== Segment start ==

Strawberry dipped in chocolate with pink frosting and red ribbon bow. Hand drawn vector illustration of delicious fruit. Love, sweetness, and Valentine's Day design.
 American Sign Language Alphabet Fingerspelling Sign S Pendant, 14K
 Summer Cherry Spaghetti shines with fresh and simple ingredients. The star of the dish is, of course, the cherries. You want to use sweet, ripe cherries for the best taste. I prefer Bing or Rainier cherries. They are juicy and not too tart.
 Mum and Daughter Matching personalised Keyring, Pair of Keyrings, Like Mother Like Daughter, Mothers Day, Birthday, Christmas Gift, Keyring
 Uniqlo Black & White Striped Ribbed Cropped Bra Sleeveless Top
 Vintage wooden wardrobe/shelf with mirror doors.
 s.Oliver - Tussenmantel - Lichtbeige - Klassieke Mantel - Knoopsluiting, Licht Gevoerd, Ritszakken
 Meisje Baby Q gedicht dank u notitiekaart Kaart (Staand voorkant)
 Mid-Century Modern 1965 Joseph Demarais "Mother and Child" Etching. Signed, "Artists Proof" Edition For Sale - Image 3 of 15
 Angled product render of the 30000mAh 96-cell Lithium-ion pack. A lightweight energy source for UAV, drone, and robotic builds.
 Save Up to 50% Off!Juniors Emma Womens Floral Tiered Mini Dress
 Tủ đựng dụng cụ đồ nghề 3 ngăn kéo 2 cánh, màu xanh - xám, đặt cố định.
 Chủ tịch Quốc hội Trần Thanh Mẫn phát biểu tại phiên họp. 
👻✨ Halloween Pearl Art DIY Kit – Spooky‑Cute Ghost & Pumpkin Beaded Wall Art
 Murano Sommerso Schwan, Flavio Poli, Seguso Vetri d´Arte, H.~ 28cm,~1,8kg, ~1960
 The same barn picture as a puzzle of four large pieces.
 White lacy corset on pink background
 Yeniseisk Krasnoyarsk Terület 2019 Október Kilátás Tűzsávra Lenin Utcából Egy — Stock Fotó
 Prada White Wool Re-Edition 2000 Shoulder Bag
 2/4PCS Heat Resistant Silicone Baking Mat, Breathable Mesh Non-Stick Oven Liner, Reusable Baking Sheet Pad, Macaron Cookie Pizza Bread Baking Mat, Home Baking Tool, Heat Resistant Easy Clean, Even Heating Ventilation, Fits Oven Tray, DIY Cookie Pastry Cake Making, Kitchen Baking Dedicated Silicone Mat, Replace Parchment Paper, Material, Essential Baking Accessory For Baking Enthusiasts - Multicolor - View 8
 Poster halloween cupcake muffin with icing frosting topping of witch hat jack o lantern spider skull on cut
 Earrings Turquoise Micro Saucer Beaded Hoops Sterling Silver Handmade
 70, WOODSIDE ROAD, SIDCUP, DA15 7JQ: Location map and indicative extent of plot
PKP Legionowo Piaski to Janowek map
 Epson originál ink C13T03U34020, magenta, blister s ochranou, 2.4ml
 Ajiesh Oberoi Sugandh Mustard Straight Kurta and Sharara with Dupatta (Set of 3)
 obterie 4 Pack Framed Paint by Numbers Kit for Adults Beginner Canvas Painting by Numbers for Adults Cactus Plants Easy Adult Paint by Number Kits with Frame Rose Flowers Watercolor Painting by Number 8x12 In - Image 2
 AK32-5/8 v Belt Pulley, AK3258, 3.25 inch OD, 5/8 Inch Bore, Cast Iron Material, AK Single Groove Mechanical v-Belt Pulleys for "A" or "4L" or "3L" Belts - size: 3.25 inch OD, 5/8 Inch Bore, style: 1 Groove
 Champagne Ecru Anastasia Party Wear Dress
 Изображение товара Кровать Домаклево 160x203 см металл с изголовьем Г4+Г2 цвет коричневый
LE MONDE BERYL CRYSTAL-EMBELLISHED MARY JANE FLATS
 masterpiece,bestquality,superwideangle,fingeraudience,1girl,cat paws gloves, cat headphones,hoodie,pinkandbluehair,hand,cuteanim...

== Segment end ==

INSTRUCTIONS TO FOLLOW: Each record, exactly as written, is to be printed again.

EXERCISE SOLUTION:
Strawberry dipped in chocolate with pink frosting and red ribbon bow. Hand drawn vector illustration of delicious fruit. Love, sweetness, and Valentine's Day design.
 American Sign Language Alphabet Fingerspelling Sign S Pendant, 14K
 Summer Cherry Spaghetti shines with fresh and simple ingredients. The star of the dish is, of course, the cherries. You want to use sweet, ripe cherries for the best taste. I prefer Bing or Rainier cherries. They are juicy and not too tart.
 Mum and Daughter Matching personalised Keyring, Pair of Keyrings, Like Mother Like Daughter, Mothers Day, Birthday, Christmas Gift, Keyring
 Uniqlo Black & White Striped Ribbed Cropped Bra Sleeveless Top
 Vintage wooden wardrobe/shelf with mirror doors.
 s.Oliver - Tussenmantel - Lichtbeige - Klassieke Mantel - Knoopsluiting, Licht Gevoerd, Ritszakken
 Meisje Baby Q gedicht dank u notitiekaart Kaart (Staand voorkant)
 Mid-Century Modern 1965 Joseph Demarais "Mother and Child" Etching. Signed, "Artists Proof" Edition For Sale - Image 3 of 15
 Angled product render of the 30000mAh 96-cell Lithium-ion pack. A lightweight energy source for UAV, drone, and robotic builds.
 Save Up to 50% Off!Juniors Emma Womens Floral Tiered Mini Dress
 Tủ đựng dụng cụ đồ nghề 3 ngăn kéo 2 cánh, màu xanh - xám, đặt cố định.
 Chủ tịch Quốc hội Trần Thanh Mẫn phát biểu tại phiên họp. 
👻✨ Halloween Pearl Art DIY Kit – Spooky‑Cute Ghost & Pumpkin Beaded Wall Art
 Murano Sommerso Schwan, Flavio Poli, Seguso Vetri d´Arte, H.~ 28cm,~1,8kg, ~1960
 The same barn picture as a puzzle of four large pieces.
 White lacy corset on pink background
 Yeniseisk Krasnoyarsk Terület 2019 Október Kilátás Tűzsávra Lenin Utcából Egy — Stock Fotó
 Prada White Wool Re-Edition 2000 Shoulder Bag
 2/4PCS Heat Resistant Silicone Baking Mat, Breathable Mesh Non-Stick Oven Liner, Reusable Baking Sheet Pad, Macaron Cookie Pizza Bread Baking Mat, Home Baking Tool, Heat Resistant Easy Clean, Even Heating Ventilation, Fits Oven Tray, DIY Cookie Pastry Cake Making, Kitchen Baking Dedicated Silicone Mat, Replace Parchment Paper, Material, Essential Baking Accessory For Baking Enthusiasts - Multicolor - View 8
 Poster halloween cupcake muffin with icing frosting topping of witch hat jack o lantern spider skull on cut
 Earrings Turquoise Micro Saucer Beaded Hoops Sterling Silver Handmade
 70, WOODSIDE ROAD, SIDCUP, DA15 7JQ: Location map and indicative extent of plot
PKP Legionowo Piaski to Janowek map
 Epson originál ink C13T03U34020, magenta, blister s ochranou, 2.4ml
 Ajiesh Oberoi Sugandh Mustard Straight Kurta and Sharara with Dupatta (Set of 3)
 obterie 4 Pack Framed Paint by Numbers Kit for Adults Beginner Canvas Painting by Numbers for Adults Cactus Plants Easy Adult Paint by Number Kits with Frame Rose Flowers Watercolor Painting by Number 8x12 In - Image 2
 AK32-5/8 v Belt Pulley, AK3258, 3.25 inch OD, 5/8 Inch Bore, Cast Iron Material, AK Single Groove Mechanical v-Belt Pulleys for "A" or "4L" or "3L" Belts - size: 3.25 inch OD, 5/8 Inch Bore, style: 1 Groove
 Champagne Ecru Anastasia Party Wear Dress
 Изображение товара Кровать Домаклево 160x203 см металл с изголовьем Г4+Г2 цвет коричневый
LE MONDE BERYL CRYSTAL-EMBELLISHED MARY JANE FLATS
 masterpiece,bestquality,superwideangle,fingeraudience,1girl,cat paws gloves, cat headphones,hoodie,pinkandbluehair,hand,cuteanim...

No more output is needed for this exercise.